** Opening Data to examine block **

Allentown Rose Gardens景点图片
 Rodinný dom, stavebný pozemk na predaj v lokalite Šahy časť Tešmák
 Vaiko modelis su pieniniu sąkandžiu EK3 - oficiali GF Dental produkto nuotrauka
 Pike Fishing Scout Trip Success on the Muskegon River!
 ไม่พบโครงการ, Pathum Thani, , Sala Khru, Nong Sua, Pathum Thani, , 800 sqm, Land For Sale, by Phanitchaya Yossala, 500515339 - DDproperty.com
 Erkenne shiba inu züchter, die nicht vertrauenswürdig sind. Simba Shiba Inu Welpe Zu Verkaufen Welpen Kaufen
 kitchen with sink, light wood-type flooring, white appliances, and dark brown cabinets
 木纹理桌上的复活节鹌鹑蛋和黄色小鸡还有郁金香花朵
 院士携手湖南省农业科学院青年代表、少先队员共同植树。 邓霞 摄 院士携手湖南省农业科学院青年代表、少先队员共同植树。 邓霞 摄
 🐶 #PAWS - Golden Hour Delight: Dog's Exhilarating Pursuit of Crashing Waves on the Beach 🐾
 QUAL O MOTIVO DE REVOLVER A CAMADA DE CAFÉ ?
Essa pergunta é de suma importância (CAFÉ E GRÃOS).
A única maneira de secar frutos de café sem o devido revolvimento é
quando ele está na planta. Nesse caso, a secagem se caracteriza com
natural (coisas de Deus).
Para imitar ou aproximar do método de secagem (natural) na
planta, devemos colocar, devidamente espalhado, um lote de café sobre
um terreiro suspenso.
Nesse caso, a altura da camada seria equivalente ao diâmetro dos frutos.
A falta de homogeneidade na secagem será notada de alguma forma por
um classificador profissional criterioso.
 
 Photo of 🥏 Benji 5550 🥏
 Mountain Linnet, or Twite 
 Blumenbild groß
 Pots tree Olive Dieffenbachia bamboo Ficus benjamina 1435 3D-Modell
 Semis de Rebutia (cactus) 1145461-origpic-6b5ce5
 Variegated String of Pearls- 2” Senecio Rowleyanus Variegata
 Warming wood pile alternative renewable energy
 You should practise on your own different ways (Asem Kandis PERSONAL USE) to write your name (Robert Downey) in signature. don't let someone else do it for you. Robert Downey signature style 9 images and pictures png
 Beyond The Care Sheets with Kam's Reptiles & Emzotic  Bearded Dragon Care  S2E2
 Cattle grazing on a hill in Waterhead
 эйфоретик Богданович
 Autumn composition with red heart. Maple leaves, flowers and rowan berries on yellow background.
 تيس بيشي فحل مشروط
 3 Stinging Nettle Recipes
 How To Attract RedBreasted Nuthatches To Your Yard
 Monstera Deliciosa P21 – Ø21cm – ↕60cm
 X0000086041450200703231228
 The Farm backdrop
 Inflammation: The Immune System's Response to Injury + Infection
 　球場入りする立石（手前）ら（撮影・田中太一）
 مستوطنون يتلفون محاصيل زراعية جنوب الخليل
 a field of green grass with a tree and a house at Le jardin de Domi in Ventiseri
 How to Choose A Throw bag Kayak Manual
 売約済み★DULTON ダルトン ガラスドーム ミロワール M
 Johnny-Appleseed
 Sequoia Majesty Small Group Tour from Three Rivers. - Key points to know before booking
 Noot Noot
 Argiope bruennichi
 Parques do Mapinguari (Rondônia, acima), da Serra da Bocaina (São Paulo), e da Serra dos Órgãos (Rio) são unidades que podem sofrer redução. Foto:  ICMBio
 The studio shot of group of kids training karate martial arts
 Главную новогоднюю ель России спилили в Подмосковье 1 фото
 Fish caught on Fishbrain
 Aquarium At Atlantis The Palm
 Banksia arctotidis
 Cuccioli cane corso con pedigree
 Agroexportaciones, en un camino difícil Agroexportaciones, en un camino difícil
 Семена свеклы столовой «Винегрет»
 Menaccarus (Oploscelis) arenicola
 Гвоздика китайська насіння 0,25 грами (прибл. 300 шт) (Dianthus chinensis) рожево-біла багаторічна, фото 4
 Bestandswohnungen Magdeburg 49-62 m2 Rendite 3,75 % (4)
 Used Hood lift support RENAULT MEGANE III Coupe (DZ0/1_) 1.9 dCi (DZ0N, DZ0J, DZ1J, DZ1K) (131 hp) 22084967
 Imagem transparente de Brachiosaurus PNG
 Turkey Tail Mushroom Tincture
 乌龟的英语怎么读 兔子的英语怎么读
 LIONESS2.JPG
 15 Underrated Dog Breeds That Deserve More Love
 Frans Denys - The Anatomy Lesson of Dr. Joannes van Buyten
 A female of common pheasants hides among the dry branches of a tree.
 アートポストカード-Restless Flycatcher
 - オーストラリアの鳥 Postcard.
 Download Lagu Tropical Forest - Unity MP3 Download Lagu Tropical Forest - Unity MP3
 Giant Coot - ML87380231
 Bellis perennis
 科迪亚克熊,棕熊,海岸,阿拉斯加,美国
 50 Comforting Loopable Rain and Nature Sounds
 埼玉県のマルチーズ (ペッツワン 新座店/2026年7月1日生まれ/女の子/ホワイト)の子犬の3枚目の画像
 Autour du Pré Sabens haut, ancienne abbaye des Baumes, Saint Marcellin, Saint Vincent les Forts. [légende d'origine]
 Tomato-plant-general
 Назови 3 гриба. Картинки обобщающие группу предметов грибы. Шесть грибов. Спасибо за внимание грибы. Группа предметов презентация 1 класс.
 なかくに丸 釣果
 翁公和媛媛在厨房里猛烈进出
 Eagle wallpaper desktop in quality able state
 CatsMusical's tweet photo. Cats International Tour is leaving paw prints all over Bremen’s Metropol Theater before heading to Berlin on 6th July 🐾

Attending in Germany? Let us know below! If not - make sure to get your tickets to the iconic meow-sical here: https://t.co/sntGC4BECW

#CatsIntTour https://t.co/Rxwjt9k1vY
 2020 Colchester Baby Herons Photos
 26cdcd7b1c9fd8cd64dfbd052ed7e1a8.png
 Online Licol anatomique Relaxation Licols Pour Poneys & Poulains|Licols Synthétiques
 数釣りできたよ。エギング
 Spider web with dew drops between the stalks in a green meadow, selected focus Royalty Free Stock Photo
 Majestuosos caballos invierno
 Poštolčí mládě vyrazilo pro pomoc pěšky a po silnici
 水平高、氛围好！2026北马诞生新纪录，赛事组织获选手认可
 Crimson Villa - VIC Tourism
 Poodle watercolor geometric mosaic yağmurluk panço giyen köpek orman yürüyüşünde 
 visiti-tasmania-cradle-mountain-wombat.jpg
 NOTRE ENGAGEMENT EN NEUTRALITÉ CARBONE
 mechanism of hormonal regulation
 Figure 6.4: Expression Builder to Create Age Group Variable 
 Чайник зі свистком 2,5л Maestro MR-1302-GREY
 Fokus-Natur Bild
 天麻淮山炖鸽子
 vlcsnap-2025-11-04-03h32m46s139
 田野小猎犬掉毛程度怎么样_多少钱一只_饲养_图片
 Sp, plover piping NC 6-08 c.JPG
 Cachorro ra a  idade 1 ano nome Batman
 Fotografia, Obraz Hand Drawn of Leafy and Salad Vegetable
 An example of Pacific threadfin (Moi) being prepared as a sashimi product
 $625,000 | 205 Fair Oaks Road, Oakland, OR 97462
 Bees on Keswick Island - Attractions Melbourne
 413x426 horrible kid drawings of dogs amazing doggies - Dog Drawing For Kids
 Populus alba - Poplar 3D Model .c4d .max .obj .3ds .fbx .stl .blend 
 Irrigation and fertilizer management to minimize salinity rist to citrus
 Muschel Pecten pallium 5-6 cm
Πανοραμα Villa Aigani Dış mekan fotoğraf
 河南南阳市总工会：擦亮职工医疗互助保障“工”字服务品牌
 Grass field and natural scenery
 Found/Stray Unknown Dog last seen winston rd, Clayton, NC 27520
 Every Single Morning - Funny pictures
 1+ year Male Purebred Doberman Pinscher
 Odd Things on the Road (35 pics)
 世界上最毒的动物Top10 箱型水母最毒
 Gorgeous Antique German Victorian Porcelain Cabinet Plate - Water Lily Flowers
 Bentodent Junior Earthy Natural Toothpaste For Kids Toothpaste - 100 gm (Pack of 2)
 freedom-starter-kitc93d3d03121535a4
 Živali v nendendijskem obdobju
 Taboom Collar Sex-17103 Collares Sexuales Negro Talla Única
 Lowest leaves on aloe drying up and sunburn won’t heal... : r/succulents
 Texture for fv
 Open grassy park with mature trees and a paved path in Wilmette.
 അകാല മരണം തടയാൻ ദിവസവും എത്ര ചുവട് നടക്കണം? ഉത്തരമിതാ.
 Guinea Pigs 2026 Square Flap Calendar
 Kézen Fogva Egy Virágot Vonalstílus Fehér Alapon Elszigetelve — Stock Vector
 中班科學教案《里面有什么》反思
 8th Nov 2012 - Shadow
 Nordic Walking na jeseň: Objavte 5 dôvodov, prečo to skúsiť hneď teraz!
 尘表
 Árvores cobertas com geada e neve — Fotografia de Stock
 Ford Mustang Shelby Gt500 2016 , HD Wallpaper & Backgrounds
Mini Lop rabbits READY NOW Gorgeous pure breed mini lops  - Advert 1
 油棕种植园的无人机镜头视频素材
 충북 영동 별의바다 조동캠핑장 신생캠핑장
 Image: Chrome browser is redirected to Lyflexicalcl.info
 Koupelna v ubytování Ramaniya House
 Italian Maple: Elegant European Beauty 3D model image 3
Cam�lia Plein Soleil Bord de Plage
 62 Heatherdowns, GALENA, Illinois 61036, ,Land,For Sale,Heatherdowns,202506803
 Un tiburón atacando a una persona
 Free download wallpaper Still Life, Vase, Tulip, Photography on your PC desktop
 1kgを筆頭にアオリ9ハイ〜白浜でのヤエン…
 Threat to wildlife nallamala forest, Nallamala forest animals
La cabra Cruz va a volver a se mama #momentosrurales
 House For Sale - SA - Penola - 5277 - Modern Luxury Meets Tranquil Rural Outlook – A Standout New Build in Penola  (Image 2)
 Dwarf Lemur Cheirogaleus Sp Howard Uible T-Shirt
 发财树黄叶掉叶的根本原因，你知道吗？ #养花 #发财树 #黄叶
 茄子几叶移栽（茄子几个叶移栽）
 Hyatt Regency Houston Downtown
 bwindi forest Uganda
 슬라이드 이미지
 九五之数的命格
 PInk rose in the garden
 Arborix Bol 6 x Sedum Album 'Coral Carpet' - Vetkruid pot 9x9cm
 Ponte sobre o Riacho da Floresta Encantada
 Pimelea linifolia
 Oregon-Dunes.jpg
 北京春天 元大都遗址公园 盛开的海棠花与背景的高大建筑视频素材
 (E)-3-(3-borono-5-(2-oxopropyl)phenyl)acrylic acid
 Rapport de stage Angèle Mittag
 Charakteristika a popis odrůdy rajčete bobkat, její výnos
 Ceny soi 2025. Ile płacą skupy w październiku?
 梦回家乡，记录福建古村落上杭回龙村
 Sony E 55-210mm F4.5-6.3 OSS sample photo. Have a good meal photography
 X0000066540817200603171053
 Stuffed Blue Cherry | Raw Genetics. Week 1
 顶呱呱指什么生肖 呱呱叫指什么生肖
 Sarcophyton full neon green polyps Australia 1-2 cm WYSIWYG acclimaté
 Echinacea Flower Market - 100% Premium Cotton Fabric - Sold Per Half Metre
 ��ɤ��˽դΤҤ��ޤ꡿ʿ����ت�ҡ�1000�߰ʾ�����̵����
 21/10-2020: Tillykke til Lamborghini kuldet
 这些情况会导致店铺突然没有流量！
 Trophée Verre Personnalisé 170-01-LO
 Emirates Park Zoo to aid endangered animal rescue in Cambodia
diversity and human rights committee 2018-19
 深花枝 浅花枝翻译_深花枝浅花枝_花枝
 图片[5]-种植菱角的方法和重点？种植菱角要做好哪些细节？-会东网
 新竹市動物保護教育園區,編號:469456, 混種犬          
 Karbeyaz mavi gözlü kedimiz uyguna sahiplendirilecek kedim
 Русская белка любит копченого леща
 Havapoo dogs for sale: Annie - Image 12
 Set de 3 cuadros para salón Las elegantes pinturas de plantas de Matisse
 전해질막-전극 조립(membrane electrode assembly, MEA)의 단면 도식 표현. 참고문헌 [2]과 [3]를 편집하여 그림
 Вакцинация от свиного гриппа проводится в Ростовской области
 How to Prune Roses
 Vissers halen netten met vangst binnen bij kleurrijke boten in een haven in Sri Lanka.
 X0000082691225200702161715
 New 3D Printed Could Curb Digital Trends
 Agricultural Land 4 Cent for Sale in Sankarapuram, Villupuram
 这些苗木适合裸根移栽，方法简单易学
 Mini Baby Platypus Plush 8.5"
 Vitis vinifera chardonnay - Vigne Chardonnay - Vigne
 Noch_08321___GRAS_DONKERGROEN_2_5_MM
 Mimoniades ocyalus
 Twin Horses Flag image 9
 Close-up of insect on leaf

** Closing Data to examine block **

Work required: Return, unchanged, the run of lines above that opens with the line containing "LIONESS2.JPG" and closes with the line containing "CatsMusical's tweet photo.". Include both.

Reply:
 LIONESS2.JPG
 15 Underrated Dog Breeds That Deserve More Love
 Frans Denys - The Anatomy Lesson of Dr. Joannes van Buyten
 A female of common pheasants hides among the dry branches of a tree.
 アートポストカード-Restless Flycatcher
 - オーストラリアの鳥 Postcard.
 Download Lagu Tropical Forest - Unity MP3 Download Lagu Tropical Forest - Unity MP3
 Giant Coot - ML87380231
 Bellis perennis
 科迪亚克熊,棕熊,海岸,阿拉斯加,美国
 50 Comforting Loopable Rain and Nature Sounds
 埼玉県のマルチーズ (ペッツワン 新座店/2026年7月1日生まれ/女の子/ホワイト)の子犬の3枚目の画像
 Autour du Pré Sabens haut, ancienne abbaye des Baumes, Saint Marcellin, Saint Vincent les Forts. [légende d'origine]
 Tomato-plant-general
 Назови 3 гриба. Картинки обобщающие группу предметов грибы. Шесть грибов. Спасибо за внимание грибы. Группа предметов презентация 1 класс.
 なかくに丸 釣果
 翁公和媛媛在厨房里猛烈进出
 Eagle wallpaper desktop in quality able state
 CatsMusical's tweet photo. Cats International Tour is leaving paw prints all over Bremen’s Metropol Theater before heading to Berlin on 6th July 🐾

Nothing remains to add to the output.